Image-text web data
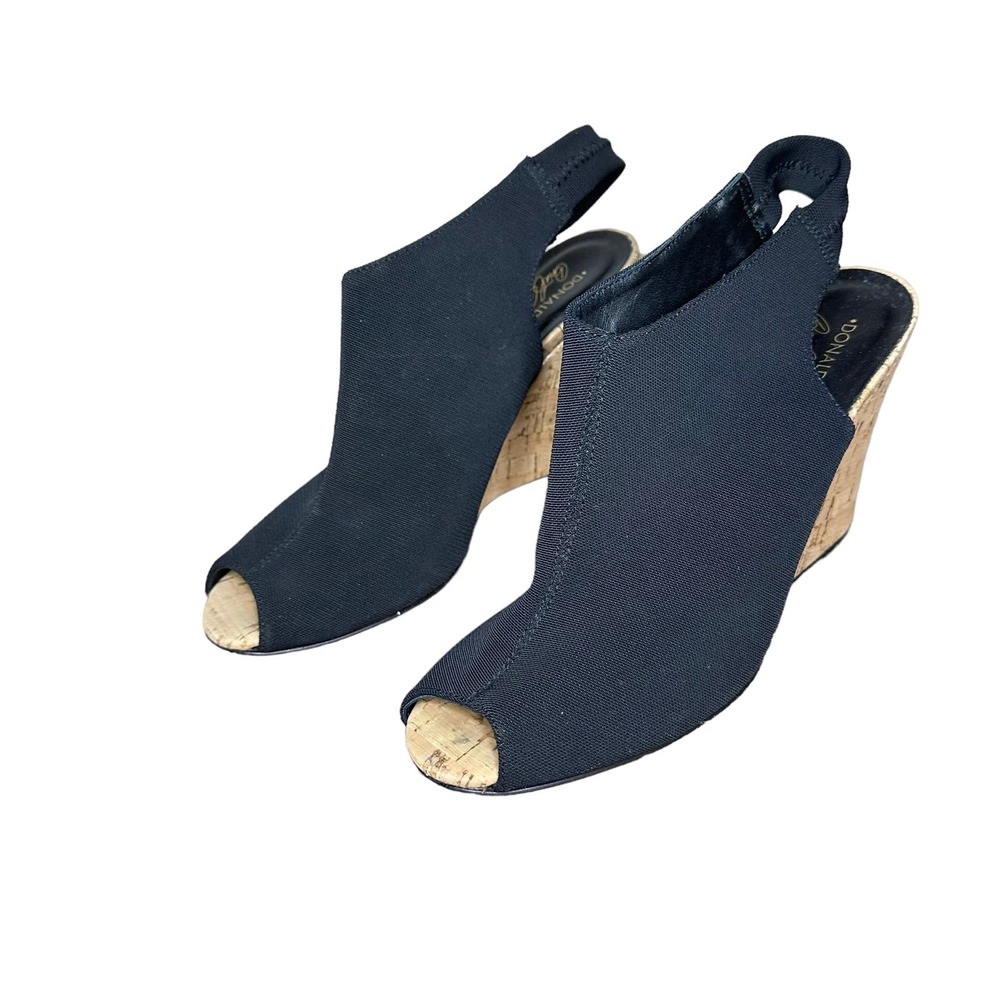 Donald J. Pliner Portia peep toe cork wedge slingback sandals size 8.5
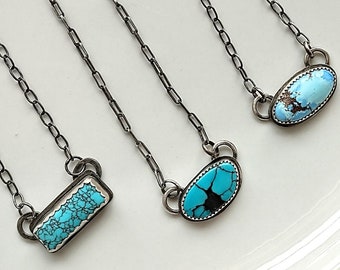 Turquoise Bar Necklace, Sterling Silver, Handmade, One of a Kind Silversmith Jewelry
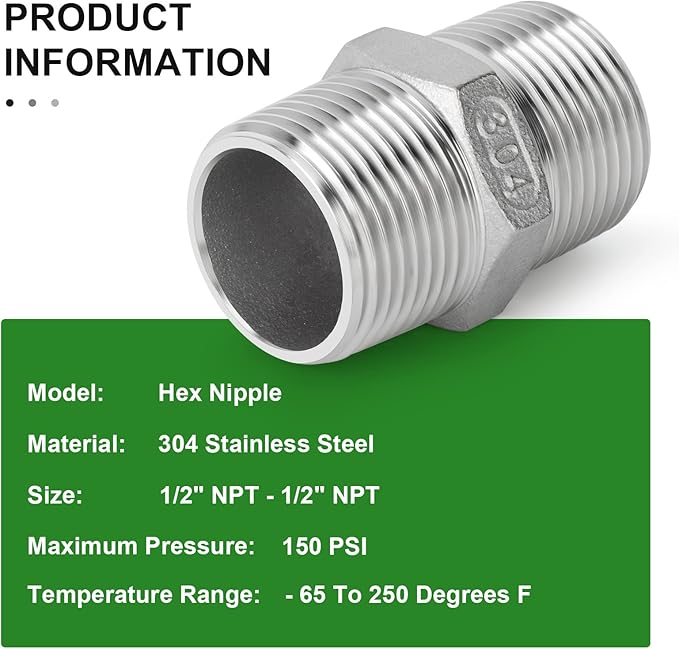TAISHER 10PCS Cast 304 Stainless Steel Hex Nipple, Pipe Fitting 1/2-Inch Male Pipe x 1/2-Inch Male Pipe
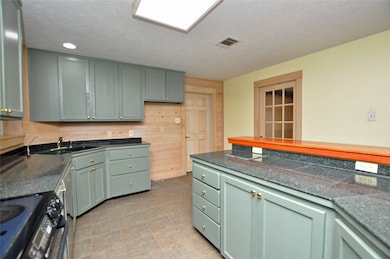 This kitchen features green cabinets, dark counter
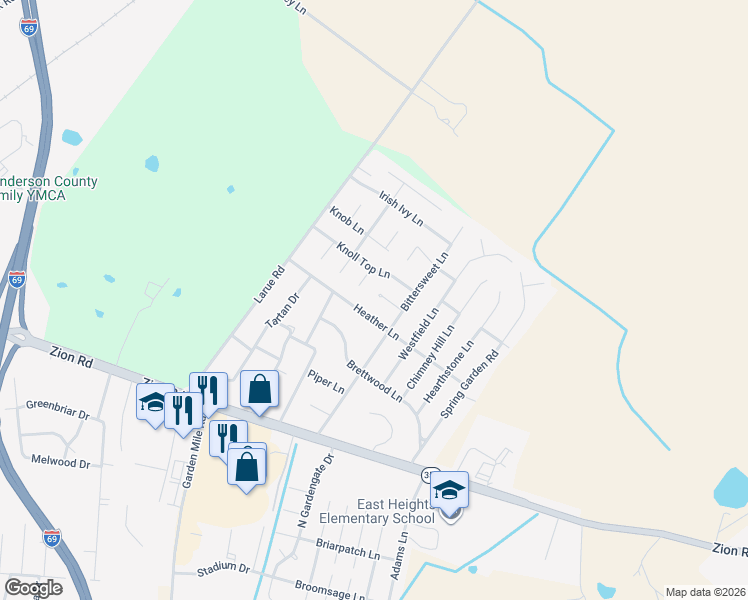 map of restaurants, bars, coffee shops, grocery stores, and more near 2745 Heather Lane in Henderson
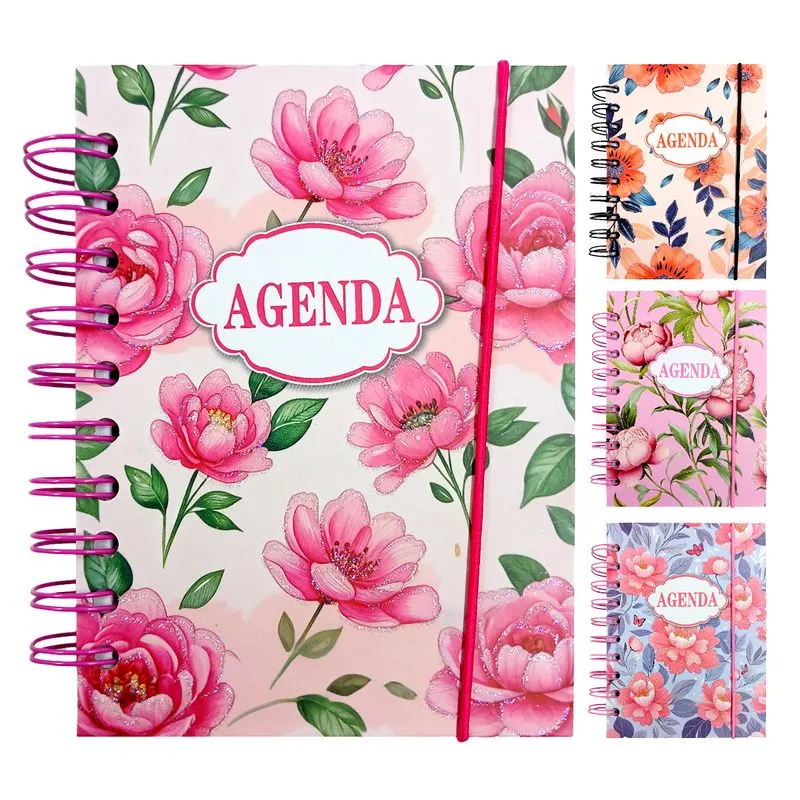 Agenda Flowers 10,4x14,2cm 160 Folhas em Papel Interponte-Modelos Sortidos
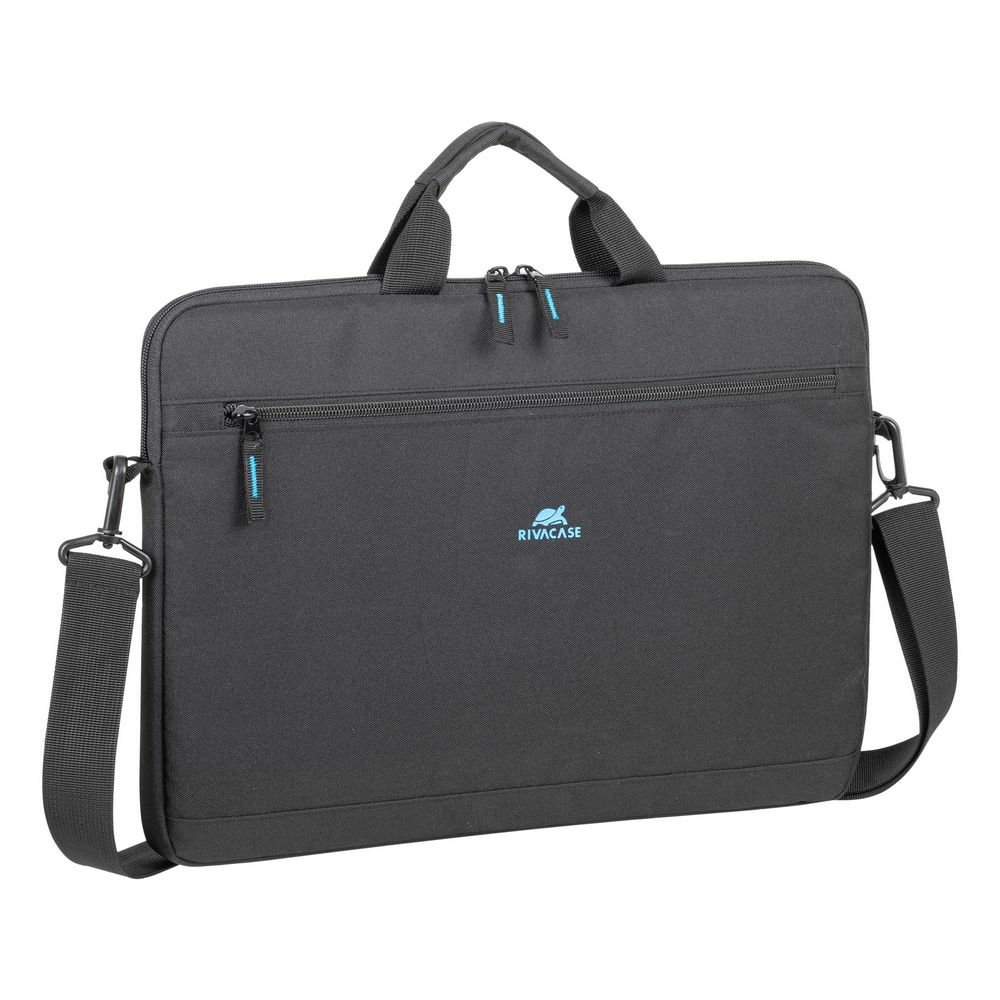 Borsa nera per laptop con manici e tracolla, logo RIVACASE visibile.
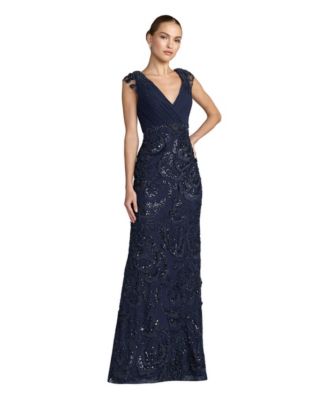 Petite Floral Beaded Chiffon V-Neck Evening Gown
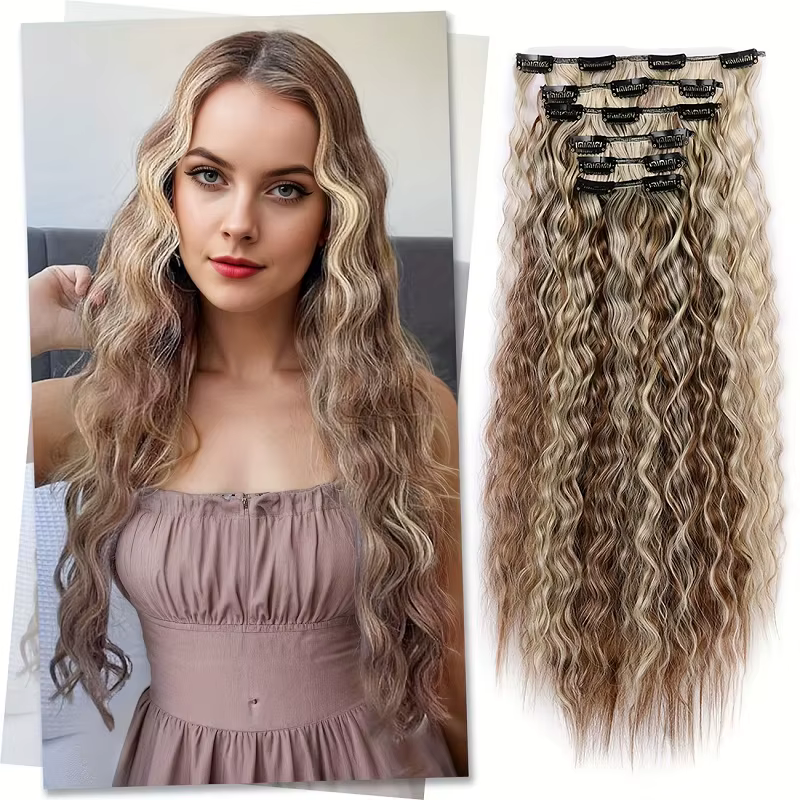 Extensions de cheveux synthétiques longs et bouclés de 22 pouces, 6 pièces/ensemble, à clipser, pour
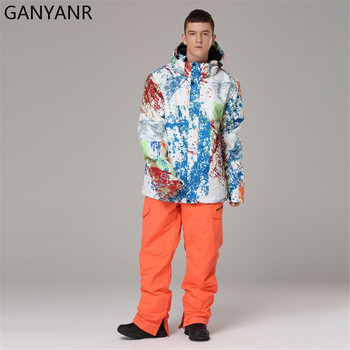 GANYANR Мъжки костюми за сноуборд Ски комплект Зимни термични якета за сняг Панталони Спортни ветроустойчиви водоустойчиви външни топли удебелени 2022
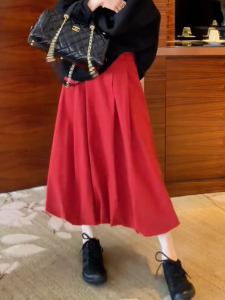 MANMI | Fashionable Red A-Line Skirt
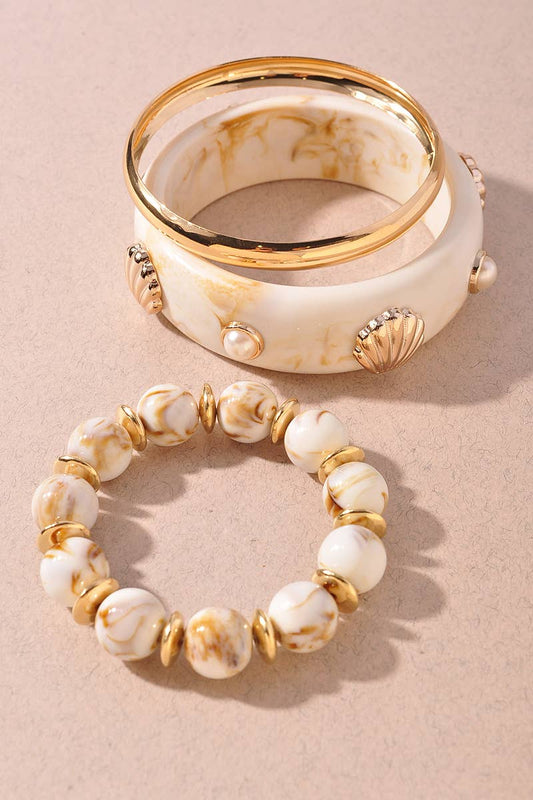 Marbled Shell Bracelet Set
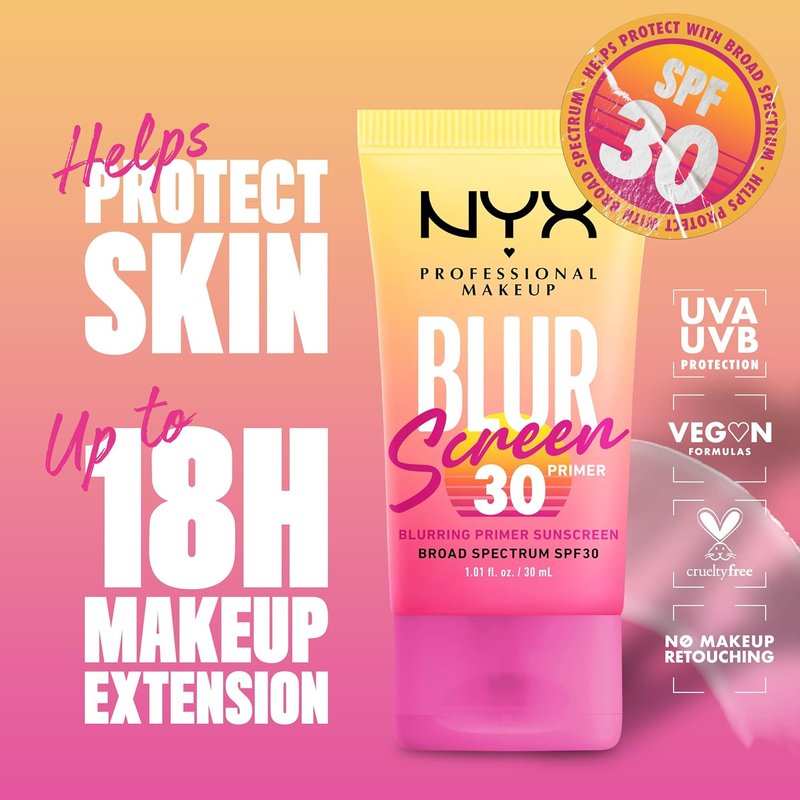 NYX Blurscreen SPF 30 Primer - 3-in-1 Blurring Makeup Primer with Vegan Formula | No White Cast, Non-Greasy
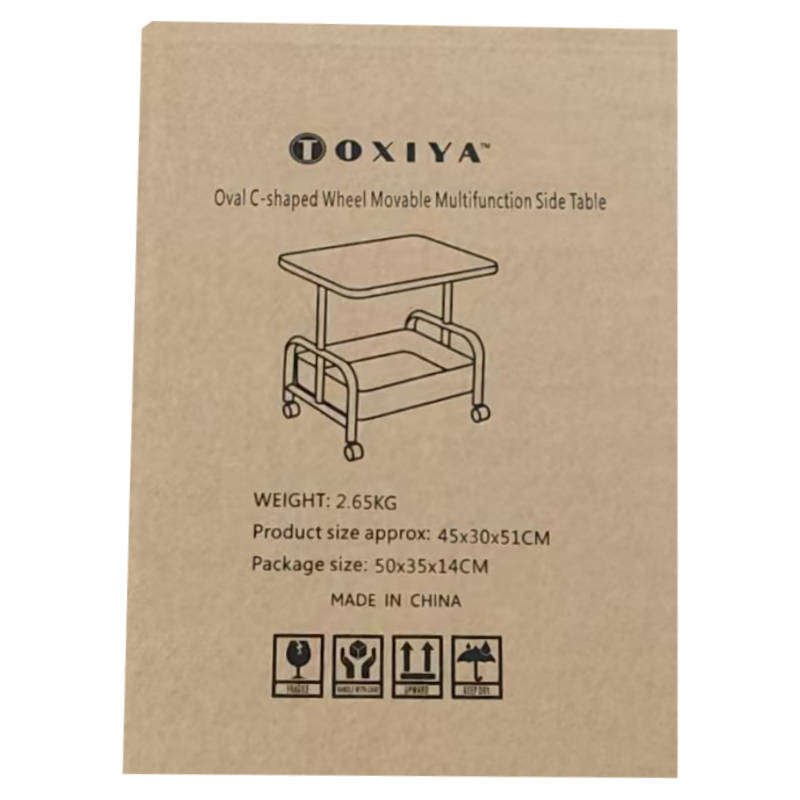 TOXIYA Multifunctional 2-Tier Roller Side Table, Metal Frame Coffee Table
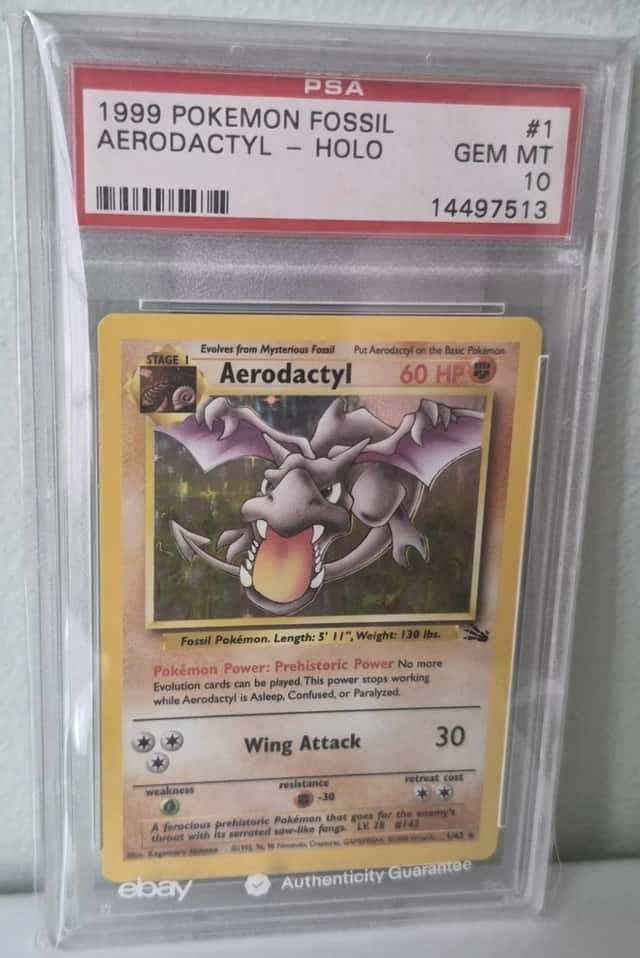 1999 Pokemon Fossil Unlimited Card Holo Aerodactyl Fossil PSA 10 1/62 Pop (71)
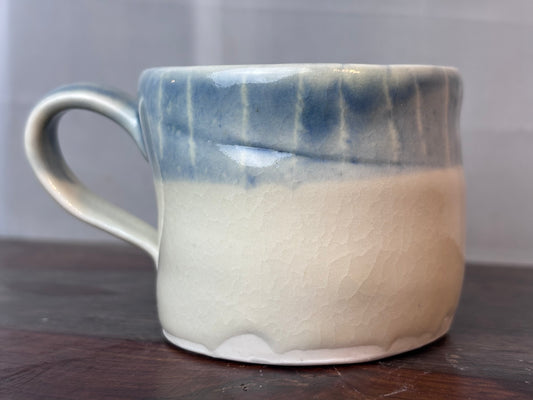 Crackled White and Dark Blue stripes Mug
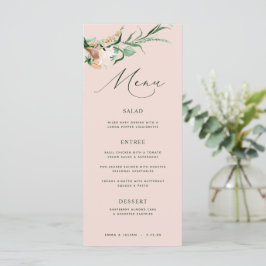 Menu Boho Greenery Blush Pink Casamento Boho Botân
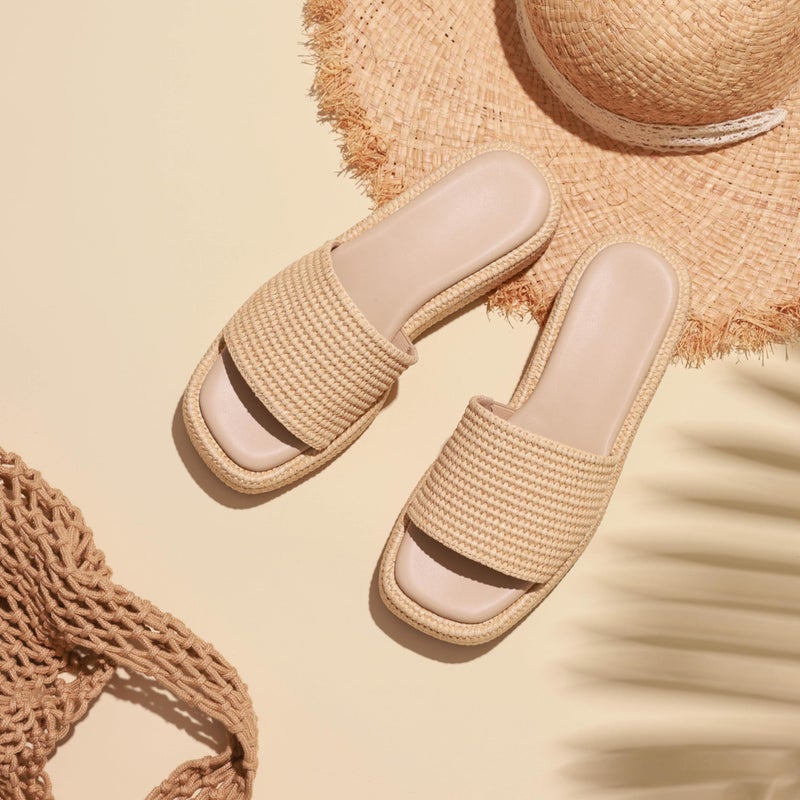 EQAUDES Platform Wedge Espadrille Sandals for Women Summer Beach Outdoor Straw Raffia Comfortable Brown Vacation Sanda for Women - Image 3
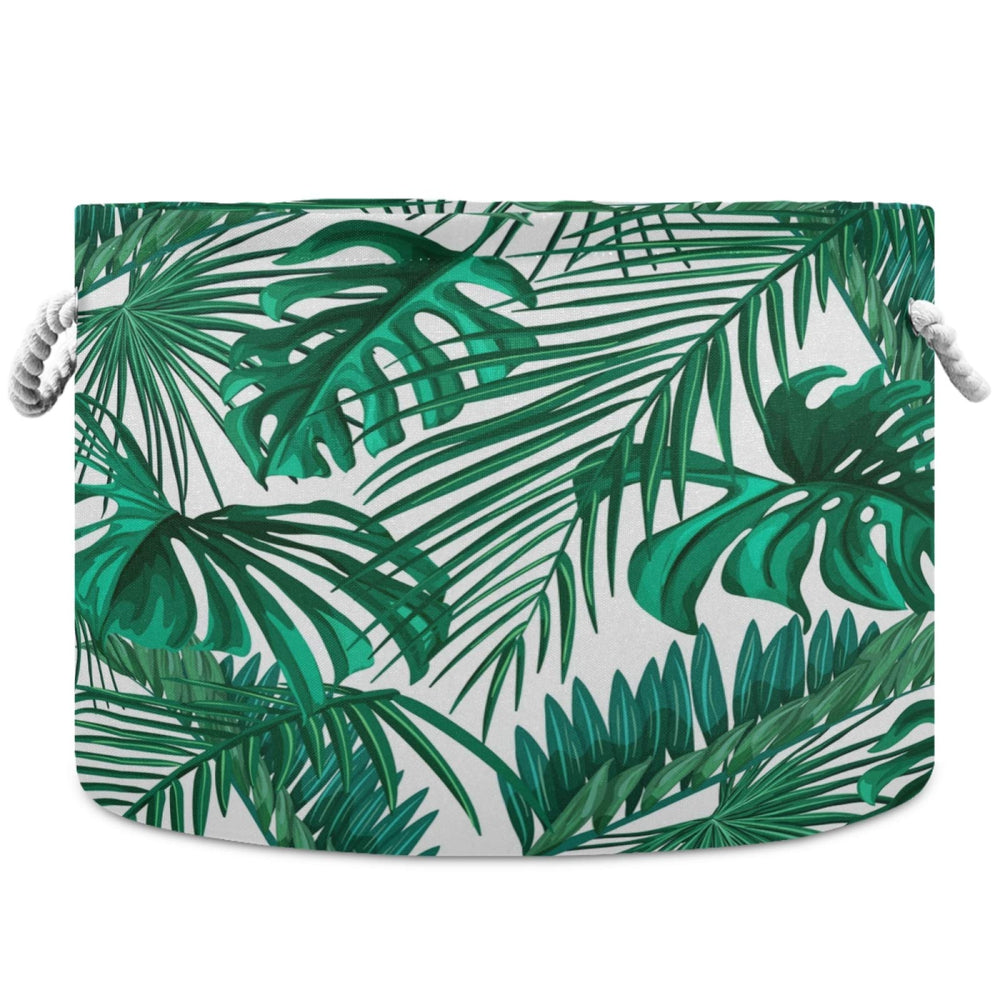 Visesunny tropical palm leaf nursery hamper for toys and blankets.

Description of the task ▸
Each line from the first line of the entries through the line containing "TAISHER 10PCS Cast" should be duplicated word for word, and nothing more; the pictures stay out.

Answer to this exercise ▸
 Donald J. Pliner Portia peep toe cork wedge slingback sandals size 8.5
 Turquoise Bar Necklace, Sterling Silver, Handmade, One of a Kind Silversmith Jewelry
TAISHER 10PCS Cast 304 Stainless Steel Hex Nipple, Pipe Fitting 1/2-Inch Male Pipe x 1/2-Inch Male Pipe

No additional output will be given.